The Curious Case of Andre De Grasse: What Really Makes Sprinters Faster
The Sprinting Paradox
Sprinting looks simple.
One foot in front of the other—just faster.
And yet, despite decades of research, technological innovations, new training systems, and an endless stream of “breakthrough” methods, we still face the same stubborn question:
Why is it so difficult to consistently help sprinters run faster?
We see performance plateaus, recurring injuries, and a constant search for the next explanation.
It’s worth asking: What are we repeatedly misunderstanding about how sprinting actually works?
Andre De Grasse: A Case That Doesn’t Fit the Story
Andre De Grasse offers a revealing example.
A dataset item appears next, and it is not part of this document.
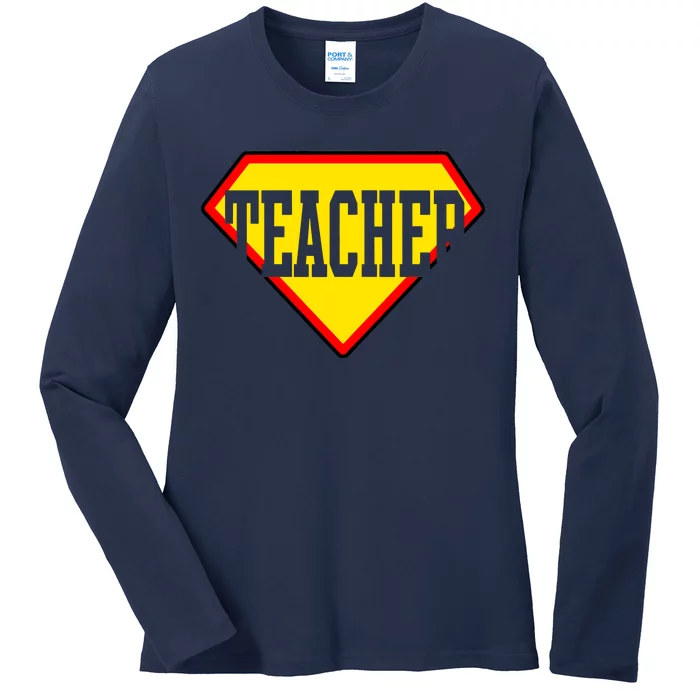 Super Teacher Hero Ladies Long Sleeve Shirt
At age 20, he ran world-class times—9.75 (wind-assisted) in the 100m and 19.58 in the 200m—while barely squatting 60kg. By elite standards, his strength levels were far below typical expectations.
Years later, with significantly greater strength and the full weight of high-performance support, his sprint times did not improve in proportion. They remained near his early marks.
This contradicts two popular explanations for sprint performance:
- “Get stronger → get faster.”
- “Increase fascial stiffness → get faster.”
De Grasse is not the exception—he is the pattern that exposes a deeper misunderstanding.
The Cycle of Training Fads
Every few years, a new “missing piece” emerges:
- First, pure strength training.
- Then plyometrics.
- Recently, fascia and connective-tissue stiffness.
- Soon, something else will take their place.
These trends grow because performances plateau, and coaches search for the next lever to pull.
But they all share the same flawed assumption:
That one isolated physical quality—strength, stiffness, mobility, force—drives speed.
It doesn’t.
These qualities support movement, but they do not organize it.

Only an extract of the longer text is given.